* PROVIDED MATERIAL
#####

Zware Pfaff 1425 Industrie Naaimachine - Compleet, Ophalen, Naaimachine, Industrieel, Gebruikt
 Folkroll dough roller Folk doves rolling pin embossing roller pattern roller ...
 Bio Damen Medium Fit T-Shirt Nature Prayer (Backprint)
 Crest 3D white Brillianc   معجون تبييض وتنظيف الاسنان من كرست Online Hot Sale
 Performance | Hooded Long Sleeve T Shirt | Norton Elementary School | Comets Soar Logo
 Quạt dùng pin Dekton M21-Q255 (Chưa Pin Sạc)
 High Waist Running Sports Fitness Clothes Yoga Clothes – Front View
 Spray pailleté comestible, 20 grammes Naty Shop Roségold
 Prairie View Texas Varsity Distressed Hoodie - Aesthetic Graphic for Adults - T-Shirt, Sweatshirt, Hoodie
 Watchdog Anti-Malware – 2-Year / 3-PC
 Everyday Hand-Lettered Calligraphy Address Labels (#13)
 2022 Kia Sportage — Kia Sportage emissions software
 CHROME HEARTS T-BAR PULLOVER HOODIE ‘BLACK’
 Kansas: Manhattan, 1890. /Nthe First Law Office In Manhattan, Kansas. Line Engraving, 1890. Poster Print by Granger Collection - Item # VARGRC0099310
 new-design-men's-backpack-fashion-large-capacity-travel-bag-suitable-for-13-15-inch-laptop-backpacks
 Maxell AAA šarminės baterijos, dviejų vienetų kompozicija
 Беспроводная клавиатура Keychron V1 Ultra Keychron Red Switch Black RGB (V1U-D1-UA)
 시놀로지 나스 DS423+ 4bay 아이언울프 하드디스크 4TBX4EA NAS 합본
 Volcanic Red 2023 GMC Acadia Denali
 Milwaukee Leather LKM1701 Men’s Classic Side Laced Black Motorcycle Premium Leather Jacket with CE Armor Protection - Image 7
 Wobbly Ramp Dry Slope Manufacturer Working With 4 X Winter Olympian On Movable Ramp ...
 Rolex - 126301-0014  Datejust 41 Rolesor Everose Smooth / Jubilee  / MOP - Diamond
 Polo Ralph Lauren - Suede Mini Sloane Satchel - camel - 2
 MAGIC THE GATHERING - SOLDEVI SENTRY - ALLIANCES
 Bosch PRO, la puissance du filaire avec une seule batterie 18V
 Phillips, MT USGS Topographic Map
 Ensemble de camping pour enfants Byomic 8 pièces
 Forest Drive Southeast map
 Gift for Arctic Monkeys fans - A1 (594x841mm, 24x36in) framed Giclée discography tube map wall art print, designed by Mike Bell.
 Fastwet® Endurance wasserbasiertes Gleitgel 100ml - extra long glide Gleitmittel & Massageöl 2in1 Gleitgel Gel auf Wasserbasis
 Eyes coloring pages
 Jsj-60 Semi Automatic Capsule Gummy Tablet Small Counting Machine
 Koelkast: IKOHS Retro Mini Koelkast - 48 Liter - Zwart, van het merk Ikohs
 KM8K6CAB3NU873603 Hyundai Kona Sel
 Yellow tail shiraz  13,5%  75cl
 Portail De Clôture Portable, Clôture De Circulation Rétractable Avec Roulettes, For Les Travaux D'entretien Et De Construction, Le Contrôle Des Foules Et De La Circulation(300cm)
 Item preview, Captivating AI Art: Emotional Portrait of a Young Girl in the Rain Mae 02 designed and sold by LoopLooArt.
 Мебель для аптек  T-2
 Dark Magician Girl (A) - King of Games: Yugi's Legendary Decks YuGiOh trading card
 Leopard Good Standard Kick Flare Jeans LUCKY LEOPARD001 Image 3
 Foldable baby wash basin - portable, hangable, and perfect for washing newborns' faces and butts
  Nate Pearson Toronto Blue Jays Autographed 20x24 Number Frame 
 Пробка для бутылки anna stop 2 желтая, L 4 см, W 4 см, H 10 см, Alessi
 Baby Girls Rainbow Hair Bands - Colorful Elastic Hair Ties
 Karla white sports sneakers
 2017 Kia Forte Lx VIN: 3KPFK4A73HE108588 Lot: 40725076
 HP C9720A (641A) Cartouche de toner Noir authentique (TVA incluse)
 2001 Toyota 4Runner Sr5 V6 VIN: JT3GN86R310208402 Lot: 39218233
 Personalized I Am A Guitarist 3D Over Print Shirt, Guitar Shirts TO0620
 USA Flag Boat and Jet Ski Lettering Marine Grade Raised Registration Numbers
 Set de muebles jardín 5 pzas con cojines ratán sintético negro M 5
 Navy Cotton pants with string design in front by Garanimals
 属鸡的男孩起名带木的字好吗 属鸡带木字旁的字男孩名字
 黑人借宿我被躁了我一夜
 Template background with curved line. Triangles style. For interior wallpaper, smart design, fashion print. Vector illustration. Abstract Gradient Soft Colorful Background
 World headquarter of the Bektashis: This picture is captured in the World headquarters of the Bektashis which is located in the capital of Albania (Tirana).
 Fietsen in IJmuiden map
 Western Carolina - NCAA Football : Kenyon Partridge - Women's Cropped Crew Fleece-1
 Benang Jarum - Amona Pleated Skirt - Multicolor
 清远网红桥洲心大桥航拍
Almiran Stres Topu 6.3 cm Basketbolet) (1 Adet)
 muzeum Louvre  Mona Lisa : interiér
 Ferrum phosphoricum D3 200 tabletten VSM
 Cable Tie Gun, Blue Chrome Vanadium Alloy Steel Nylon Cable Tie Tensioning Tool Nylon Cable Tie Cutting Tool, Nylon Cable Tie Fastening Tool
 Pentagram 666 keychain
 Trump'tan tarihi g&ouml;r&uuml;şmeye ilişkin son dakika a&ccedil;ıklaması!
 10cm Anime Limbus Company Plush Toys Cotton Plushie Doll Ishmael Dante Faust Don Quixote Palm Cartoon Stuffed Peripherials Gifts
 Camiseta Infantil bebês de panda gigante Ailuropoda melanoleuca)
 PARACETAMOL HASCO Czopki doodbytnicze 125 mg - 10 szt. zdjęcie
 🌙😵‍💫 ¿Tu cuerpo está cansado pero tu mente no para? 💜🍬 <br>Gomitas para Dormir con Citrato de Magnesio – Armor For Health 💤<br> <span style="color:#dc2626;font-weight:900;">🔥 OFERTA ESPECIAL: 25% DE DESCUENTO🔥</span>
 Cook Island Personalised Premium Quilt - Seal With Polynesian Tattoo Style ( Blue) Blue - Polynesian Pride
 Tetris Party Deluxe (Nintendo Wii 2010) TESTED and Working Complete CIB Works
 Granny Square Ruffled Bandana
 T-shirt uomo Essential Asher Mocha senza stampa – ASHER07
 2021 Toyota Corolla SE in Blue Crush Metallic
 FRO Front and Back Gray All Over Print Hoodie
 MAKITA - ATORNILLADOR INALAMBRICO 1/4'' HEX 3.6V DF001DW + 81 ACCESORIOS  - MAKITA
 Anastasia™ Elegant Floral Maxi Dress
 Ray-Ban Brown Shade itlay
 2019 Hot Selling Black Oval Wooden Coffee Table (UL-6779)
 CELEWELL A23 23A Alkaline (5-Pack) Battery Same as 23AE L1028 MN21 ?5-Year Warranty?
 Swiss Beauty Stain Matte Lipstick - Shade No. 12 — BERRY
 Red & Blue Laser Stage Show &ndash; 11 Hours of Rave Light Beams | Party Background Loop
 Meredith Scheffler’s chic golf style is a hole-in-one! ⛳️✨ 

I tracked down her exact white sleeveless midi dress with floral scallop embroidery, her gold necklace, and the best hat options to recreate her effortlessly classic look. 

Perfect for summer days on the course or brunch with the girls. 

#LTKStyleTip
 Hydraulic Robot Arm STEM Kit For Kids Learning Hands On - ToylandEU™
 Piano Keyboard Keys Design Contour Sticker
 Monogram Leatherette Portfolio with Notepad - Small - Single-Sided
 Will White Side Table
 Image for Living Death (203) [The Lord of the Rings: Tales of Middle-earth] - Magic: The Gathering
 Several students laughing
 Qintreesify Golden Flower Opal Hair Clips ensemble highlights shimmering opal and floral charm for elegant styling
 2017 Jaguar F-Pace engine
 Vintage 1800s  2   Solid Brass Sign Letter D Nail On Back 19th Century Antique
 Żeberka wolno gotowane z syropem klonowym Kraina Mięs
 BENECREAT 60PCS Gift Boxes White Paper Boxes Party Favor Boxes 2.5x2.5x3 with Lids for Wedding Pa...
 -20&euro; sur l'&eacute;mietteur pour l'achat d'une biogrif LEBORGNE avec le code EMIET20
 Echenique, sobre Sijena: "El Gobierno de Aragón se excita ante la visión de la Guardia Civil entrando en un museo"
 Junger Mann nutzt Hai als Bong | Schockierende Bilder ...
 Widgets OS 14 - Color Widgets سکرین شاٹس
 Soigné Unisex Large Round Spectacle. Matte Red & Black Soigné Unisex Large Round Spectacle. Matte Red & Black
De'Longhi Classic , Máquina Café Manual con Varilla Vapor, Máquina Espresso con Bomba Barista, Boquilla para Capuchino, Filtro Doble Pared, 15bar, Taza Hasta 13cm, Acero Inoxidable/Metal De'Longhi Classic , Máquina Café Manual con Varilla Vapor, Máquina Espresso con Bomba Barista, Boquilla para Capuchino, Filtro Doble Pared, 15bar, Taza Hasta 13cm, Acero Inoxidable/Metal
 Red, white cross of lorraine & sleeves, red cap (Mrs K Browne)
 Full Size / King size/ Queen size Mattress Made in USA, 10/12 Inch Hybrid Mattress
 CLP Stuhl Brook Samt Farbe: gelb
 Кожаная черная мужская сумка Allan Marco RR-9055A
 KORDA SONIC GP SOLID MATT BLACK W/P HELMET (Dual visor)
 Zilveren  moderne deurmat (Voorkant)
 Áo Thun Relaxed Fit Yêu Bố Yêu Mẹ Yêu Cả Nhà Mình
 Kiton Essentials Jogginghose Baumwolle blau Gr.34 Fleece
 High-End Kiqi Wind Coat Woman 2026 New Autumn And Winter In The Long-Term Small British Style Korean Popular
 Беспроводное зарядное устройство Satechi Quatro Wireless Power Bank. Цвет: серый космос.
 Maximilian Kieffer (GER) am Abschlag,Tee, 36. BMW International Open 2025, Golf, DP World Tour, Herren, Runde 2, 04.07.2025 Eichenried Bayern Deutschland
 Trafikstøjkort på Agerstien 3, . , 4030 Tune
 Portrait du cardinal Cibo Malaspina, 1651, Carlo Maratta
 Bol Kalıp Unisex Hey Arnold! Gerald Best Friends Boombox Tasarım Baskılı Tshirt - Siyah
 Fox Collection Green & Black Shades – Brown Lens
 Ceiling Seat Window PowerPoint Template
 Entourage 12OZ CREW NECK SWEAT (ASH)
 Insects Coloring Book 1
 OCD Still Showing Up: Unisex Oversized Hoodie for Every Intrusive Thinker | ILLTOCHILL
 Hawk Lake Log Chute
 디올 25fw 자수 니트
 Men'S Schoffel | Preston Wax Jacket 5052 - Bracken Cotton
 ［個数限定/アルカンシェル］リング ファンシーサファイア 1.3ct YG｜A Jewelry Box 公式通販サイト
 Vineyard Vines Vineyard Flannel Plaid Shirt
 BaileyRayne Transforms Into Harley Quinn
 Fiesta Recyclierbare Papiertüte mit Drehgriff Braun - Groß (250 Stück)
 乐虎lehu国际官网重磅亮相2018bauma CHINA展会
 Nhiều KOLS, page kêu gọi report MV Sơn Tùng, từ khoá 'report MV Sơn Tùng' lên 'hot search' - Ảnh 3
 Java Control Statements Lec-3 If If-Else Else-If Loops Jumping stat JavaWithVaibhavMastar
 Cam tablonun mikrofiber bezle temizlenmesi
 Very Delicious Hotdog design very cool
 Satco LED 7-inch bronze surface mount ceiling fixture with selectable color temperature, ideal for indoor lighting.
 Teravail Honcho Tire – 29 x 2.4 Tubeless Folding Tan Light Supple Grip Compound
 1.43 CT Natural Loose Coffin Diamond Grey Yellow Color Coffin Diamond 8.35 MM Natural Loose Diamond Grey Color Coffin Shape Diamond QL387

#####

* EXERCISE
Each line from the top of the listing down to and including the one containing "2022 Kia Sportage" should be transcribed exactly; nothing else is to be output.

* TASK ANSWER
Zware Pfaff 1425 Industrie Naaimachine - Compleet, Ophalen, Naaimachine, Industrieel, Gebruikt
 Folkroll dough roller Folk doves rolling pin embossing roller pattern roller ...
 Bio Damen Medium Fit T-Shirt Nature Prayer (Backprint)
 Crest 3D white Brillianc   معجون تبييض وتنظيف الاسنان من كرست Online Hot Sale
 Performance | Hooded Long Sleeve T Shirt | Norton Elementary School | Comets Soar Logo
 Quạt dùng pin Dekton M21-Q255 (Chưa Pin Sạc)
 High Waist Running Sports Fitness Clothes Yoga Clothes – Front View
 Spray pailleté comestible, 20 grammes Naty Shop Roségold
 Prairie View Texas Varsity Distressed Hoodie - Aesthetic Graphic for Adults - T-Shirt, Sweatshirt, Hoodie
 Watchdog Anti-Malware – 2-Year / 3-PC
 Everyday Hand-Lettered Calligraphy Address Labels (#13)
 2022 Kia Sportage — Kia Sportage emissions software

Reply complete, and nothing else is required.